Herd7 and Litmus7 Test Primer

This section gives you an overview of the syntax of litmus tests and how to run them. More comprehensive information on developing and running litmus tests can be found in the diy7 documentation .

For this Learning Path, you use an abbreviated version of the MP.litmus test included in the herd7 online simulator .

Open a file editor of your choice, and copy the contents below into a file called test.litmus:

    

        
        
AArch64 MP
{
0:X1=x; 0:X3=y;
1:X1=y; 1:X3=x;
}
  P0               |  P1               ;
  MOV    W0,  #1   |  LDR    W0,  [X1] ;
  STR    W0,  [X1] |  LDR    W2,  [X3] ;
  MOV    W2,  #1   |                   ;
  STR    W2,  [X3] |                   ;
exists
(1:X0=1 /\ 1:X2=0)

    

Now inspect this litmus file to gain a better understanding of the assembly code:

Architecture and Test Code

  • The first line sets the target architecture of this test, which is AArch64. This is required because the diy7 tool supports architectures other than Arm. After the architecture label is MP which is a label that gives this test its name. MP stands for “Message Passing”.
    • In short, the first line states: “This is a test for AArch64 called MP”.

Thread Definitions

  • This test defines two threads P0 and P1. It is possible to define more threads than just two, but in this Learning Path you work with only two threads to avoid increasing complexity.

Initial State Setup

  • The lines between the brackets ( {..} ) determine the initial state of the CPU registers for this test.
    • 0:X1=x; 0:X3=y; defines the initial state for P0.
      • Register X1 holds memory address x.
      • Register X3 holds memory address y.
    • 1:X1=y; 1:X3=x; defines the initial state for P1.
      • Register X1 holds memory address y.
      • Register X3 holds memory address x.
    • Any registers and memory addresses not listed in between these brackets are initialized to 0.
    • The memory address x contains the message to pass, while the memory address y is the message ready flag.

Assembly Code for Threads

  • Below the brackets you see the assembly snippets for P0 and P1.
    • P0:
      • The first MOV and STR writes a 1 into memory address x (the payload).
      • The second MOV and STR writes a 1 into memory address y (the flag).
    • P1:
      • The first LDR reads the address y (the flag). The value of the flag is stored in register W0:
      • The second LDR reads the address x (the payload). The value of the payload is stored in register W2.
      • Notice that you are not looping on the flag in the same way as would normally be done in a message passing scenario.
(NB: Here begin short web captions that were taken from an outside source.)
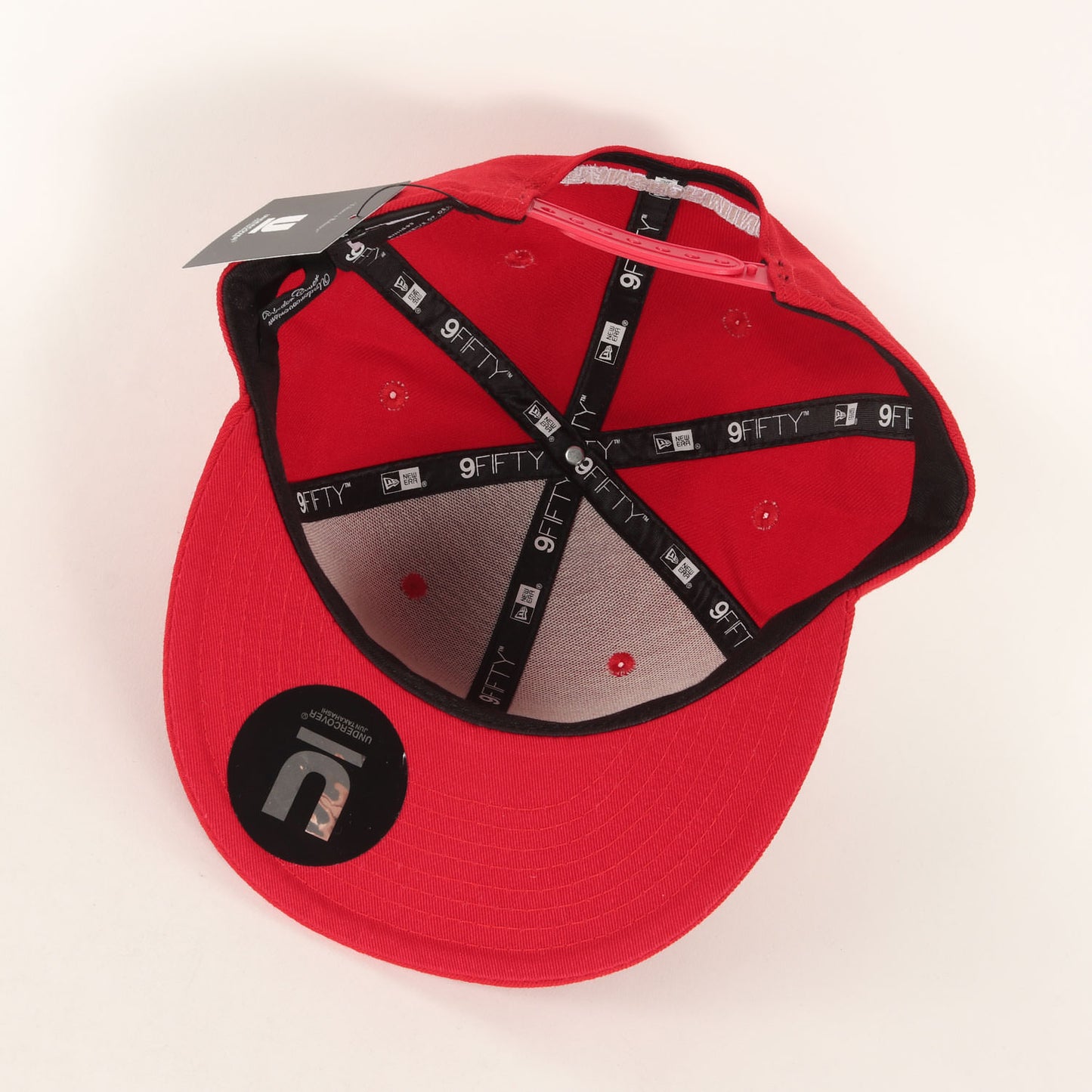 ×NEW ERA Uロゴ ベースボールキャップ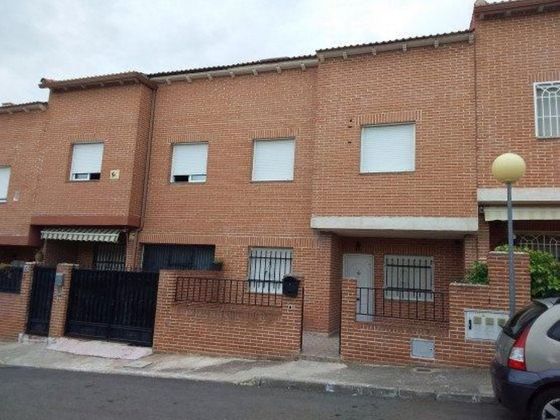 Foto 1 de Casa adossada en venda a calle Granada de 6 habitacions amb terrassa i garatge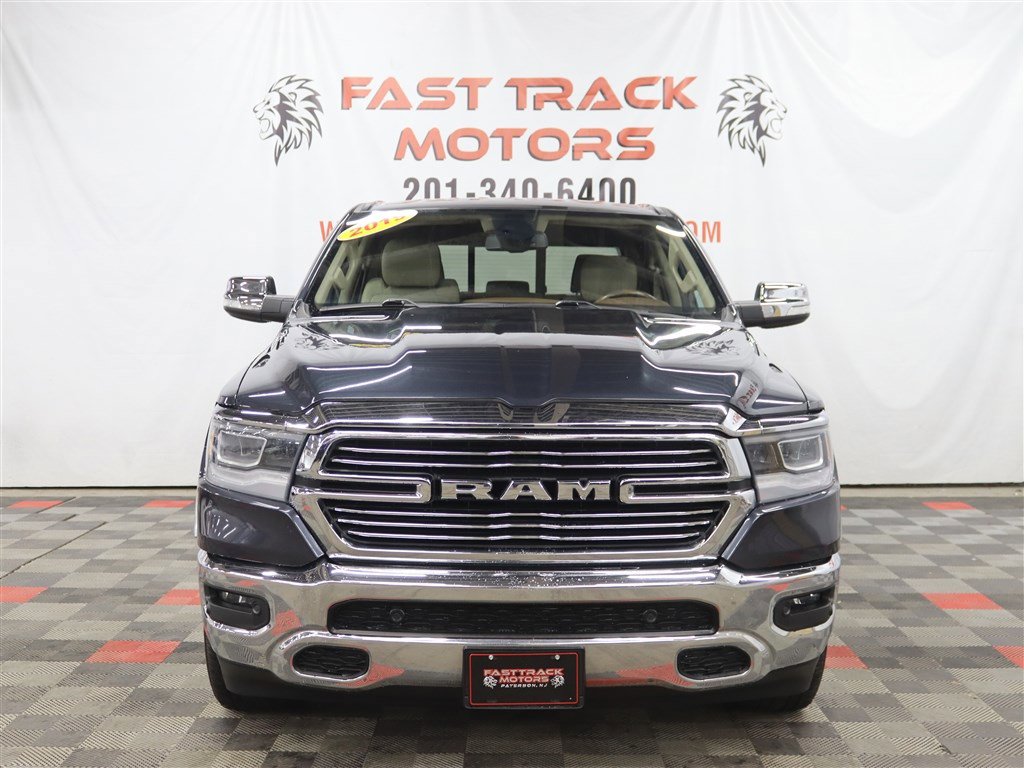 Used 2019 RAM 1500 Laramie AWD/4WD image 2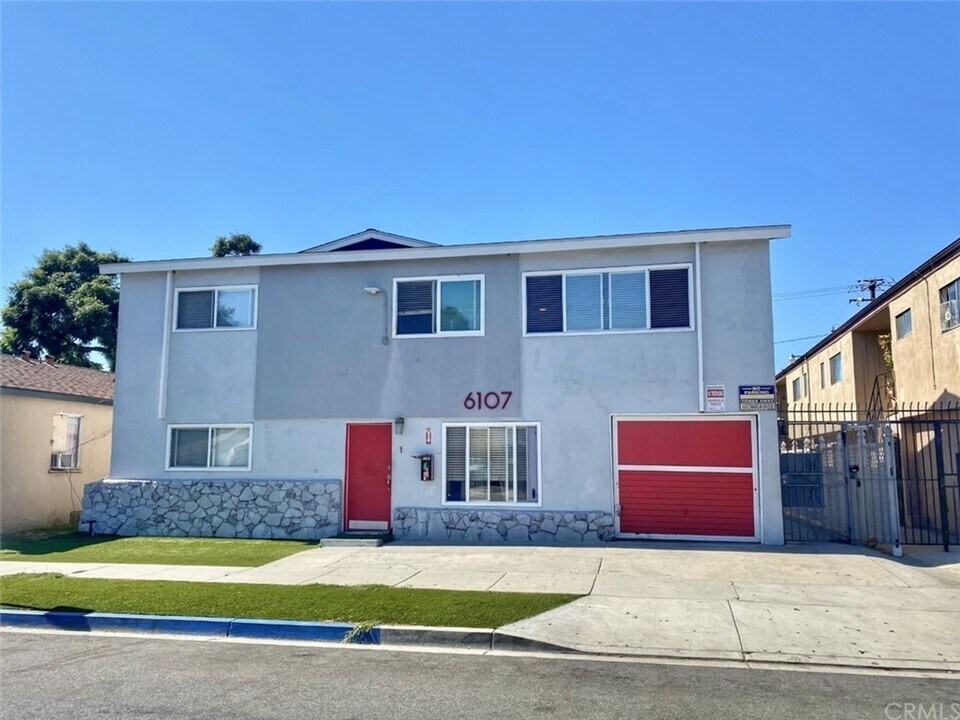 6107 Linden Ave in Long Beach, CA - Building Photo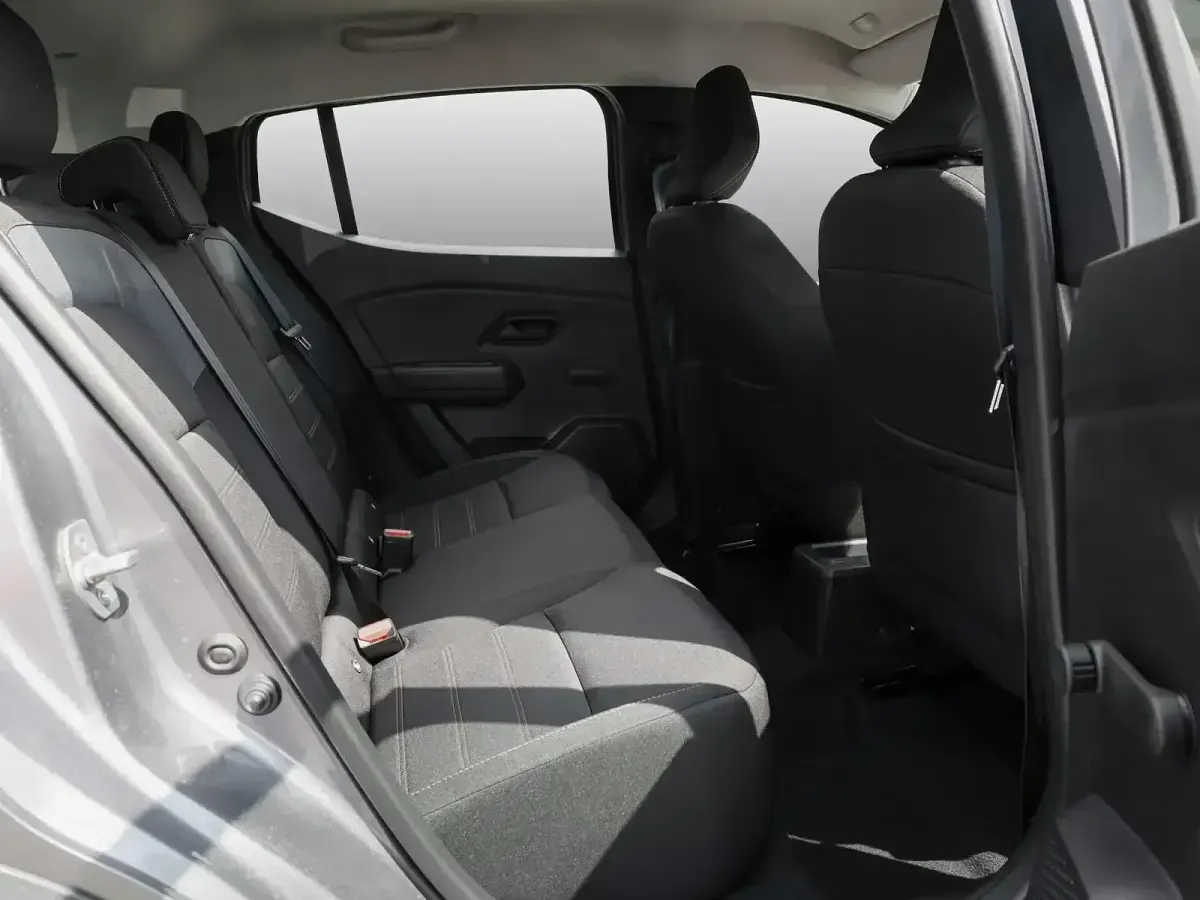 Neu Dacia Sandero Essentiel 114 PS (83 kW) 2026 Dolomitgrau Limousine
You will explore loops in the next section.

Test Condition

  • The last two lines show a test condition. This test condition asks the question:
    • “On P1, is it possible to observe register W0 (the flag) set to 1 AND register W2 (the payload) set to 0?”
      • Wait…but the condition uses register names X0 and X2, not W0 and W2. See the note below for more.
    • In this condition check syntax, /\ is a logical AND, while \/ is a logical OR.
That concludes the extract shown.